■ ACTIVITY: Go to the line that contains "Good afternoon, everybody.", then write out that line and all that follow to the end of the listing, exactly and without pictures.

■ MATERIAL FOR THIS EXERCISE:
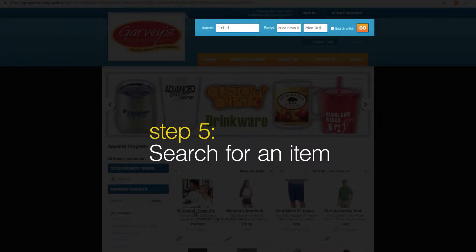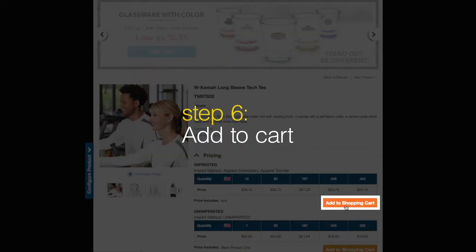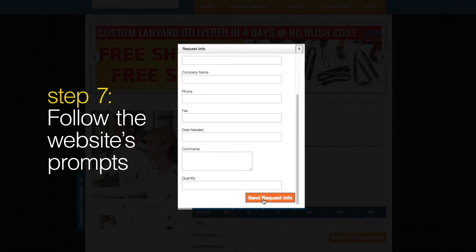Search for an item. Once you find an item, follow the prompts to submit your order for a quote. Within 24 hours, our promotional department will contact you.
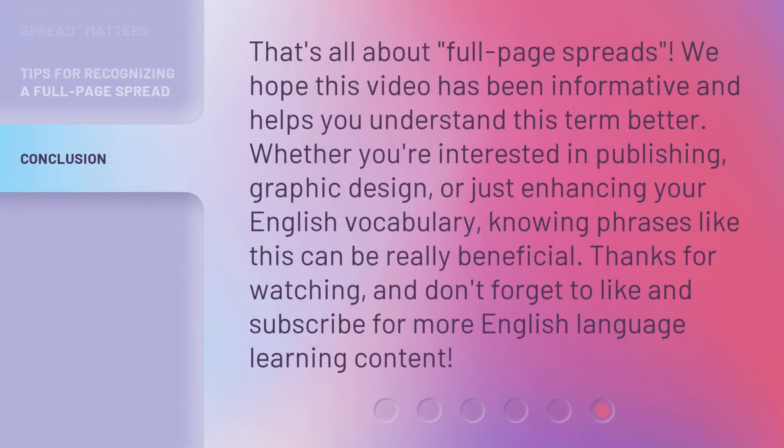That's all about full-page spreads. We hope this video has been informative and helps you understand this term better. Whether you're interested in publishing, graphic design, or just enhancing your English vocabulary, knowing phrases like this can be really beneficial. Thanks for watching and don't forget to like and subscribe for more English language learning content.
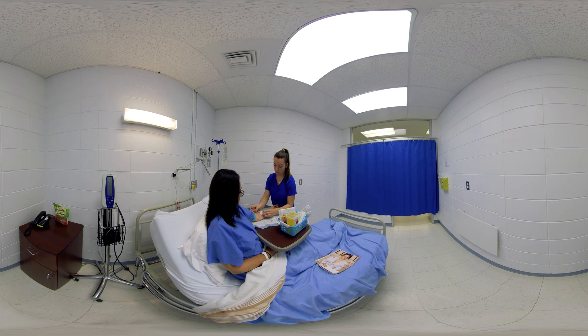The nurse checks the integrity of the insertion site for any signs of infection, infiltration, or inflammation. If in doubt or a problem is detected, the nurse immediately removes the catheter and inserts a new one at a different insertion site.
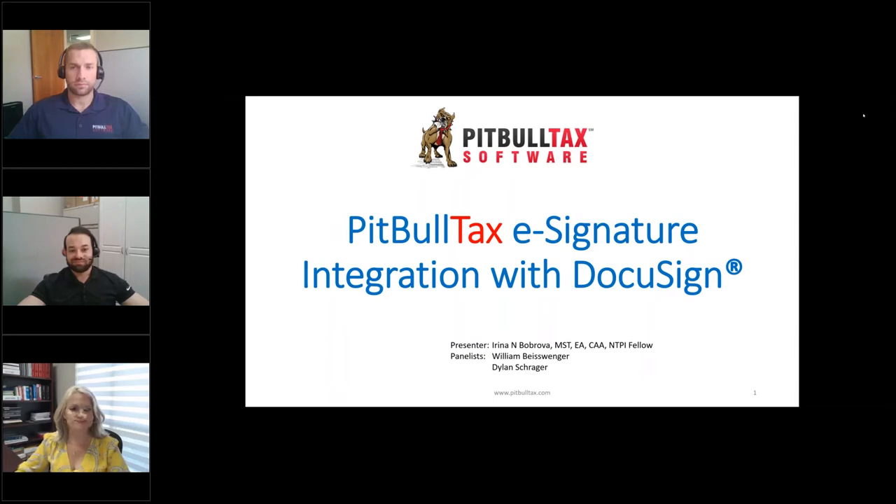Good afternoon, everybody. Thank you so much for joining us today. We are introducing our newest feature, PitBullTax e-signature integration with DocuSign. My name is Irina Babrova. I'm Chief Operating Officer here at PitBullTax Software. And today I have my colleagues with me, William Beiswenger and Dylan Schrager.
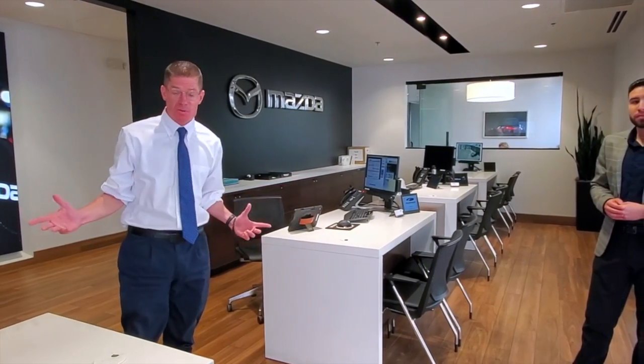Hey guys, McDonald Mazda South here. We would love to make sure that your Mazda continues to stay healthy. Please feel free to visit Eric or any of our service advisors for your service needs, because here at McDonald Mazda South, doing right just comes naturally.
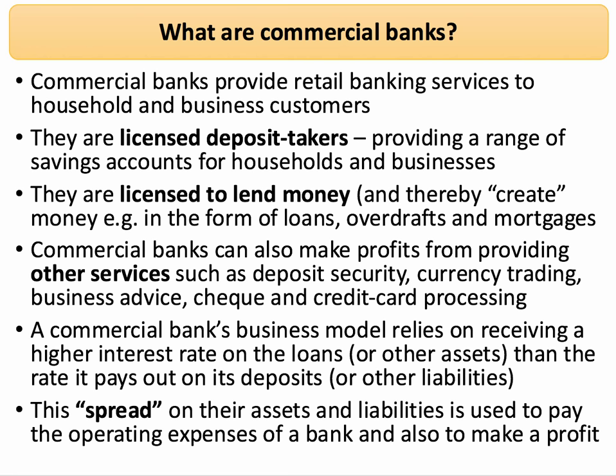Commercial banks can also make extra profits by providing a range of other services — for example, providing debit and credit cards, private banking services, deposit and other forms of money custody services, foreign exchange dealing, cash management and settlement services for businesses, processing of credit card and debit card settlements, and for many businesses, trade finance is also a key service provided by commercial banks.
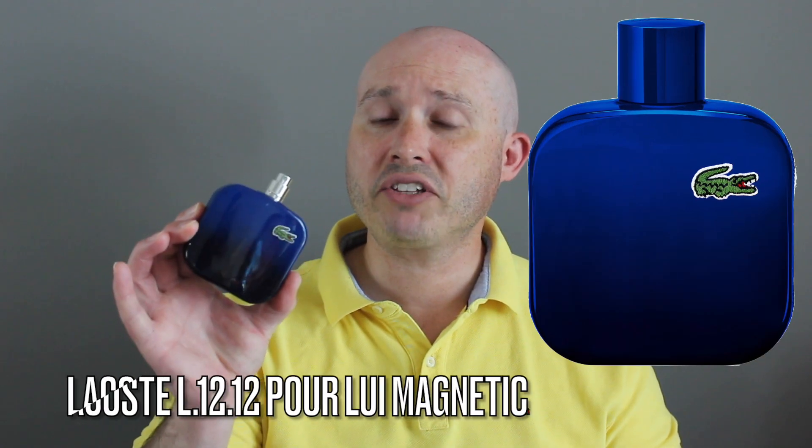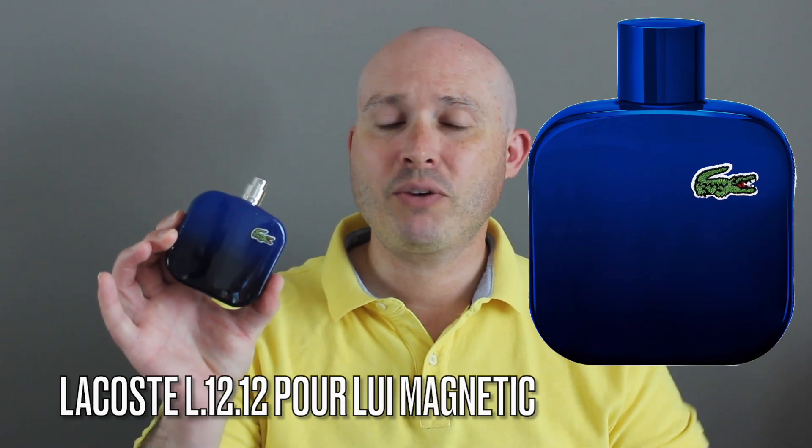Good morning, YouTube. With today's video, let's talk about Lacoste — specifically the Lacoste L12-12 Magnetique, which was launched in 2016 and is classed as a woody aromatic.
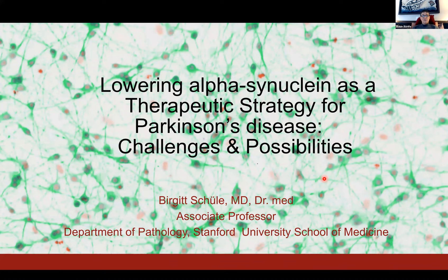Hey, this is Robin. So we're glad to welcome Dr. Birgit Shula today. She is an associate professor in the Department of Pathology at Stanford, and she received her medical training in Germany and later studied genetics for the inherited forms of Parkinson's disease and dystonia. She completed a postdoc in human genetics at Stanford University, and was at the Parkinson's Institute and Clinical Center leading research there for many years. We're glad to have her with us today to talk about alpha-synuclein possible targets with Parkinson's disease.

■ RESPONSE TO THIS EXERCISE:
Good afternoon, everybody. Thank you so much for joining us today. We are introducing our newest feature, PitBullTax e-signature integration with DocuSign. My name is Irina Babrova. I'm Chief Operating Officer here at PitBullTax Software. And today I have my colleagues with me, William Beiswenger and Dylan Schrager.
Hey guys, McDonald Mazda South here. We would love to make sure that your Mazda continues to stay healthy. Please feel free to visit Eric or any of our service advisors for your service needs, because here at McDonald Mazda South, doing right just comes naturally.
Commercial banks can also make extra profits by providing a range of other services — for example, providing debit and credit cards, private banking services, deposit and other forms of money custody services, foreign exchange dealing, cash management and settlement services for businesses, processing of credit card and debit card settlements, and for many businesses, trade finance is also a key service provided by commercial banks.
Good morning, YouTube. With today's video, let's talk about Lacoste — specifically the Lacoste L12-12 Magnetique, which was launched in 2016 and is classed as a woody aromatic.
Hey, this is Robin. So we're glad to welcome Dr. Birgit Shula today. She is an associate professor in the Department of Pathology at Stanford, and she received her medical training in Germany and later studied genetics for the inherited forms of Parkinson's disease and dystonia. She completed a postdoc in human genetics at Stanford University, and was at the Parkinson's Institute and Clinical Center leading research there for many years. We're glad to have her with us today to talk about alpha-synuclein possible targets with Parkinson's disease.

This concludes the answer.